Five years later the American primatologist Dian Fossey published her own remarkable account of life with the Virunga animals,Gorillas in the Mist, which gave them a romantic, almost mythical status, enhanced by Fossey's own murder as she worked to protect them, in 1985.

Ever since, they have been among the world's most cherished animals - at least in the rich west. Yet they live at the heart of a region which exemplifies all that is increasingly tragic about Africa, in human terms, for the last three decades: the combination of poverty, unsustainable development, and war.

The Virunga region, the forested slopes of a range of extinct volcanoes, actually stretches over three countries: Rwanda and Uganda, as well as the DRC. All are very poor; all have been ravaged by conflict. Rwanda saw the genocidal war between Hutus and Tutsis in 1994; earlier, Uganda saw thousands die under the dictatorial regimes of Idi Amin and Milton Obote. But it is the DRC, one of Africa's biggest (and potentially richest) countries, which has suffered on the widest basis.

In 1998 the regime of President Laurent Kabila was challenged by rebels backed by both Rwanda and Uganda; Kabila in turn brought in troops from Angola, Chad, Namibia, Sudan, and Zimbabwe. It was one of Africa's worst civil wars. Though it was officially brought to an end by Kabila's son Joseph, after his assassination, various rebel bands roamed at will, with Virunga one of the worst affected regions.
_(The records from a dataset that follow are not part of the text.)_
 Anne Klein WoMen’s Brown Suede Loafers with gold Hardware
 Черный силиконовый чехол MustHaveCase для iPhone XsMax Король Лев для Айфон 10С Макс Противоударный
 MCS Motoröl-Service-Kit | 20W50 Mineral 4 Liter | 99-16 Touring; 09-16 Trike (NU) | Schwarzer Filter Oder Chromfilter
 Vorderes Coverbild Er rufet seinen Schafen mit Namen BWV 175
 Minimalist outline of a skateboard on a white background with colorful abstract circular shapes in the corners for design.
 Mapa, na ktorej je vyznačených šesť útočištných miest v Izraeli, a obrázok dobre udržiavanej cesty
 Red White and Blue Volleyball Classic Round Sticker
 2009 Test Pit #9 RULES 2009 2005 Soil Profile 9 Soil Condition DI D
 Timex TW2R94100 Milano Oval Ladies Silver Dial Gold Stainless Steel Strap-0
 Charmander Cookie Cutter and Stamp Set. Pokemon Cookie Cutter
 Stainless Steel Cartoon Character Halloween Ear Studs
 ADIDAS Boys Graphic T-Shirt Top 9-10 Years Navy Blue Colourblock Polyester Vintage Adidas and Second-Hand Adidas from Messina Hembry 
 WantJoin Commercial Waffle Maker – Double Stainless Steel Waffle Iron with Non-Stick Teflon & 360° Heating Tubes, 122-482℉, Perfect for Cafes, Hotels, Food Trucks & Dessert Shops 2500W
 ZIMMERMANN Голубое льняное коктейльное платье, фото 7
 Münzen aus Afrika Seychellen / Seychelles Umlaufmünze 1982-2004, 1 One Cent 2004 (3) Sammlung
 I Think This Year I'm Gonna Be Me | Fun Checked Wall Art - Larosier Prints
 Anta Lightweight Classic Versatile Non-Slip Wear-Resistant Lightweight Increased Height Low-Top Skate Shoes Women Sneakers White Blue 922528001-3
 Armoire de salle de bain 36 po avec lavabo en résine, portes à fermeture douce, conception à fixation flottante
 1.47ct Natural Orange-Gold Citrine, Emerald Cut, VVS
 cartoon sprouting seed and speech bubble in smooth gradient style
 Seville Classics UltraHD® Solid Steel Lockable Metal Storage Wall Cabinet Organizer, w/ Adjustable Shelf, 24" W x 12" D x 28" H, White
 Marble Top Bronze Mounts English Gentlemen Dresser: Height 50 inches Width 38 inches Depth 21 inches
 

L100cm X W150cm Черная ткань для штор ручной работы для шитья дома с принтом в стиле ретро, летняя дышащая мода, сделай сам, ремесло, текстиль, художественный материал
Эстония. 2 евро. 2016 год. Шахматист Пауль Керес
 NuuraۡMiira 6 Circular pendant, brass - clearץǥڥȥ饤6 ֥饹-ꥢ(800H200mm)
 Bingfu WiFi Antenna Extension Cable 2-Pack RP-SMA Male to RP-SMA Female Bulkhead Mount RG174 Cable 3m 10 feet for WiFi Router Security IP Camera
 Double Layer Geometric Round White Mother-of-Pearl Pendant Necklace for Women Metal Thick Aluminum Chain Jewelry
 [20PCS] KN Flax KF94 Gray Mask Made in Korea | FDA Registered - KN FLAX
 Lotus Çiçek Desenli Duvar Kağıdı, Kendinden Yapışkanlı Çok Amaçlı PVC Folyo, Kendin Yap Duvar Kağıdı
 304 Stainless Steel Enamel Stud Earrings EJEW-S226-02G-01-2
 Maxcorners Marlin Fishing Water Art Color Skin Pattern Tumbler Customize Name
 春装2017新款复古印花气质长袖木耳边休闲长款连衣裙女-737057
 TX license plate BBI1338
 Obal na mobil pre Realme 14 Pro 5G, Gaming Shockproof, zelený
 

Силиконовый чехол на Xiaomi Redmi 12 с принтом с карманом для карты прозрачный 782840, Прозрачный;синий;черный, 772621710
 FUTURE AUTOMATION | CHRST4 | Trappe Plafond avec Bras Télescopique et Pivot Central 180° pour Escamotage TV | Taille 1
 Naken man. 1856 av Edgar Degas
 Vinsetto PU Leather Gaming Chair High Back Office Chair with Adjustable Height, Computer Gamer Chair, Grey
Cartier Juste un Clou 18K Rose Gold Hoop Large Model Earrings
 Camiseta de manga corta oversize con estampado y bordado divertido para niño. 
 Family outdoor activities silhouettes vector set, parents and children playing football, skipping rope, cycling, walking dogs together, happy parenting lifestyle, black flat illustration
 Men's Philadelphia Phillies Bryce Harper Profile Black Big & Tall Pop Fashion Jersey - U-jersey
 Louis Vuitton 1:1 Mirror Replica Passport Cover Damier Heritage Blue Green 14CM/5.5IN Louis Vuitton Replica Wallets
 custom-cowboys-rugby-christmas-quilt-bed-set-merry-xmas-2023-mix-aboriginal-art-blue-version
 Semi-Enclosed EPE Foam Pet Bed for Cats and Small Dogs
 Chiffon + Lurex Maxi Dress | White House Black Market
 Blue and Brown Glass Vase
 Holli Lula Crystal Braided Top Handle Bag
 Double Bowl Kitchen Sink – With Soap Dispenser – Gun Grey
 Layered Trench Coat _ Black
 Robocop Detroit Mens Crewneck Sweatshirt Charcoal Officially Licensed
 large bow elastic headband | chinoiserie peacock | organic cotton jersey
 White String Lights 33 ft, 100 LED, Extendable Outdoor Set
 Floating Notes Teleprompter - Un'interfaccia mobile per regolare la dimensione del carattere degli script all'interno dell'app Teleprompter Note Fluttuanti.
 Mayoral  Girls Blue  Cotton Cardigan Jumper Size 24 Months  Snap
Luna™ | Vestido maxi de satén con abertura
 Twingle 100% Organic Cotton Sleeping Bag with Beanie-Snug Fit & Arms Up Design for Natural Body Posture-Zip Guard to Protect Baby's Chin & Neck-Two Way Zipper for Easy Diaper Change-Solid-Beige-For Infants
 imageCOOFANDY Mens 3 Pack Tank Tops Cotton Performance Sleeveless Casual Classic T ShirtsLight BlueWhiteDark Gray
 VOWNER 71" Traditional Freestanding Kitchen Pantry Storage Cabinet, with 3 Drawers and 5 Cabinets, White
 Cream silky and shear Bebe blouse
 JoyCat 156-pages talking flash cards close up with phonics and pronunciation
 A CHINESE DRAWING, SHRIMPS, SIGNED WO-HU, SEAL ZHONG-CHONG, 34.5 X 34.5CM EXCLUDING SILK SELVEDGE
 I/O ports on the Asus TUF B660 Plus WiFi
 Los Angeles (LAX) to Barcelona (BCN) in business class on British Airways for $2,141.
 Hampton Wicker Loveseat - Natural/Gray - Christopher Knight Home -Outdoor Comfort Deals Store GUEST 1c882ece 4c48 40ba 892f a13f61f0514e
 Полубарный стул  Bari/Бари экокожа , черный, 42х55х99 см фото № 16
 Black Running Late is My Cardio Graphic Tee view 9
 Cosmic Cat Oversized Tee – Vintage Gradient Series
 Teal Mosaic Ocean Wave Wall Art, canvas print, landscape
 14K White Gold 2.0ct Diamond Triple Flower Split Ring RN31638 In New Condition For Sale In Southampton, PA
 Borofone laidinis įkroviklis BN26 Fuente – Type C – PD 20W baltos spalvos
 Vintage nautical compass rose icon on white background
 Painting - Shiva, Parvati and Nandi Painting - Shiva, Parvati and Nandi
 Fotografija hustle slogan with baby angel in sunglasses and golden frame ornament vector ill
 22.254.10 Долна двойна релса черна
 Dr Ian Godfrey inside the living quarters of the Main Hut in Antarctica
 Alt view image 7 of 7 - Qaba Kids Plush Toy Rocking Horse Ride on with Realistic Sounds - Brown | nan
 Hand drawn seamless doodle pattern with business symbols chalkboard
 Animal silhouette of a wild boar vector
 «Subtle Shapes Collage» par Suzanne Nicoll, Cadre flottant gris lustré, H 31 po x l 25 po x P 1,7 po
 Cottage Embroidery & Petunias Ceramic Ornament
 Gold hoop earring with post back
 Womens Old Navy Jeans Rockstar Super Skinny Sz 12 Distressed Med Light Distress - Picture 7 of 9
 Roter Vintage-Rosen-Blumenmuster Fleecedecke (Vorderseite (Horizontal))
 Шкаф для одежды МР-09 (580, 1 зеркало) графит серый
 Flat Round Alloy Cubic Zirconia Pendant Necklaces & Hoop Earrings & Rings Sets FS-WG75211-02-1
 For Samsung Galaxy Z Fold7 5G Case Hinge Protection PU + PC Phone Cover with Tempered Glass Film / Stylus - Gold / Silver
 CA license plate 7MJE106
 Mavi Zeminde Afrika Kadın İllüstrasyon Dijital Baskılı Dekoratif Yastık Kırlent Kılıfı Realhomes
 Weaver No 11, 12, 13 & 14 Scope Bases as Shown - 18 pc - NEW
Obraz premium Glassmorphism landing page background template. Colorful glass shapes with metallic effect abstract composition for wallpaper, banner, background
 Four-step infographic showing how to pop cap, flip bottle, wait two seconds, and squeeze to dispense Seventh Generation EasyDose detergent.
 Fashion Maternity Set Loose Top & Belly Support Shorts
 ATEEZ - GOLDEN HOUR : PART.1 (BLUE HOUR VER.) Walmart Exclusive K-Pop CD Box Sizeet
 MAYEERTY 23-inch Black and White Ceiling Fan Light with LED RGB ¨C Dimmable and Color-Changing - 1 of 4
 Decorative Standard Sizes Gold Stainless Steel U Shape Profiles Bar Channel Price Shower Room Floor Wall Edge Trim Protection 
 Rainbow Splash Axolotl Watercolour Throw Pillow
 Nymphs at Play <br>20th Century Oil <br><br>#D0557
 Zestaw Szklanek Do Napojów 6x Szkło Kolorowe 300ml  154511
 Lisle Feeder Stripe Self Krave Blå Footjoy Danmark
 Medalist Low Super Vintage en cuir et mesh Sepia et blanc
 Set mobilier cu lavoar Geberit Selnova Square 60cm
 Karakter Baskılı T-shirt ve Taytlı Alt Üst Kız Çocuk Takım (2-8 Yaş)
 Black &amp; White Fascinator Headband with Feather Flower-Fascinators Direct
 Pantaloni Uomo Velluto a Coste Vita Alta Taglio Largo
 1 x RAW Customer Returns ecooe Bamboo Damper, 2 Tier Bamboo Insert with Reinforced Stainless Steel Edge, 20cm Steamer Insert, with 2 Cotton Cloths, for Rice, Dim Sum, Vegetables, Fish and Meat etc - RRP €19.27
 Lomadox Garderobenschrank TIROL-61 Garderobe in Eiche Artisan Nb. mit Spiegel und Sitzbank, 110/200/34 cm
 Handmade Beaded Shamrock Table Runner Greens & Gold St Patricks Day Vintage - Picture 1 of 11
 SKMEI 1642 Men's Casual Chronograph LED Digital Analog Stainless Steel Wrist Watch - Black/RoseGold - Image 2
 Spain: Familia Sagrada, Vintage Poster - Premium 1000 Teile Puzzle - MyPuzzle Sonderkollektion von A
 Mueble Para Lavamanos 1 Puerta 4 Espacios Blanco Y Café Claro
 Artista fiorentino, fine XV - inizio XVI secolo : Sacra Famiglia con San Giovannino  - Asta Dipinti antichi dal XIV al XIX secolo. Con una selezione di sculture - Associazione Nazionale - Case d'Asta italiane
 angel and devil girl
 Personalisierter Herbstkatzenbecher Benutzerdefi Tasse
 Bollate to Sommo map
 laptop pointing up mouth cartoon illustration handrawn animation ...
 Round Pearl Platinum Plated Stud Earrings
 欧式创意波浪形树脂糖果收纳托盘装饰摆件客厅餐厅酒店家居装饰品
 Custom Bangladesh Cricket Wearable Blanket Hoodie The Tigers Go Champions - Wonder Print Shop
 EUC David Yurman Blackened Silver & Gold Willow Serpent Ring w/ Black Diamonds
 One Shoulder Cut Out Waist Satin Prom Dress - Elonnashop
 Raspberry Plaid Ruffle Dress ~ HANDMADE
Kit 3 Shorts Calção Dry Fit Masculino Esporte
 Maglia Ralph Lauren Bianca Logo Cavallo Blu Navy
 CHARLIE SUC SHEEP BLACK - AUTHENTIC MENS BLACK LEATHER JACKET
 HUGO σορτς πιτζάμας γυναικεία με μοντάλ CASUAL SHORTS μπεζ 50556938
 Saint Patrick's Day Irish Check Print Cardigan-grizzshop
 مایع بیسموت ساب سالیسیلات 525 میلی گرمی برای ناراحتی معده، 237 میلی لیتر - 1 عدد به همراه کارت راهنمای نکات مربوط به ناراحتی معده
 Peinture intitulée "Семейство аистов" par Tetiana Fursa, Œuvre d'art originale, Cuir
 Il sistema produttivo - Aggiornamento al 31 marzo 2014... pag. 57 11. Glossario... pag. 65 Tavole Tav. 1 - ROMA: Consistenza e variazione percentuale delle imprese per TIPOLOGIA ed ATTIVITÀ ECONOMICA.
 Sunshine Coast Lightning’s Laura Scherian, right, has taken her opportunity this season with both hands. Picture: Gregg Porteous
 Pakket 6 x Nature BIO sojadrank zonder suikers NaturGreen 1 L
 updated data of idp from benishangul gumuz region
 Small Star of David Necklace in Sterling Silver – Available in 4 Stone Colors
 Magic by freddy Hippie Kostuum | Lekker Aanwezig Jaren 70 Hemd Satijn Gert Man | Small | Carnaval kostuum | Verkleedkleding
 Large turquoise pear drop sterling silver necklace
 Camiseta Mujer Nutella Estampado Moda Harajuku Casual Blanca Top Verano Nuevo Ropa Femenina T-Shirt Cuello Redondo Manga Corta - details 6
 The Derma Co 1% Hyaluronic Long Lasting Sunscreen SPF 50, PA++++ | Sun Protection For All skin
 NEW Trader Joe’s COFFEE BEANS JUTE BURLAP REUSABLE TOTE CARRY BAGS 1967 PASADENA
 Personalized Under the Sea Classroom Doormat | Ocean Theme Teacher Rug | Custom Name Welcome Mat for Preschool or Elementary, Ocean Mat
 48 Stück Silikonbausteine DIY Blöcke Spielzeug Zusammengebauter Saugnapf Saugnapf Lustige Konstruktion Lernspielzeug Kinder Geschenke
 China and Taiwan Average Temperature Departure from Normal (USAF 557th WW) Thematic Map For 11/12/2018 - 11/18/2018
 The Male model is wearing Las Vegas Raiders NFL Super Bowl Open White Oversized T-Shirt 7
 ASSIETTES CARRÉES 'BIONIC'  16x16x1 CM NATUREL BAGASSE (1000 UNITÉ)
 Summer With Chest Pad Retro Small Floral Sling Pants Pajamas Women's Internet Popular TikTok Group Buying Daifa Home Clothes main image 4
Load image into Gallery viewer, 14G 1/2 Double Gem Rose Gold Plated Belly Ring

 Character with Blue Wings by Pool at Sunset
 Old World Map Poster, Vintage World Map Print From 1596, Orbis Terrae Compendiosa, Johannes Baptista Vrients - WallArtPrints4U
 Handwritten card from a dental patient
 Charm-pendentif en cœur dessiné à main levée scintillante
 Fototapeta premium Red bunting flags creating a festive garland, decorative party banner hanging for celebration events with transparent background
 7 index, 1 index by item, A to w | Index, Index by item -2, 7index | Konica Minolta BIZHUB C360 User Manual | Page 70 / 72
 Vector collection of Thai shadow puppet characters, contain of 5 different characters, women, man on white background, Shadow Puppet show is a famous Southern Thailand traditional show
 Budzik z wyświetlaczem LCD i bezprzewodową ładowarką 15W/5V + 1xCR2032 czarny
When the people are desperately poor and civil order is in tatters, where is the funding for conservation? Where is the priority?

The Congolese have tried to make a fist of it, in spite of all the difficulties, through the Institute for the Conservation of Nature (ICCN), the DRC's wildlife and protected areas authority. But the cost has been huge. In the last 10 years, no fewer than 120 rangers from the Virunga National park have been killed by rebels and poachers. Yet despite all this - or perhaps because of the heroic effort these fatalities represent - Virunga's mountain gorillas have been doing well, and the population has increased from 330 to about 380. Which is why the recent killings have been do disturbing.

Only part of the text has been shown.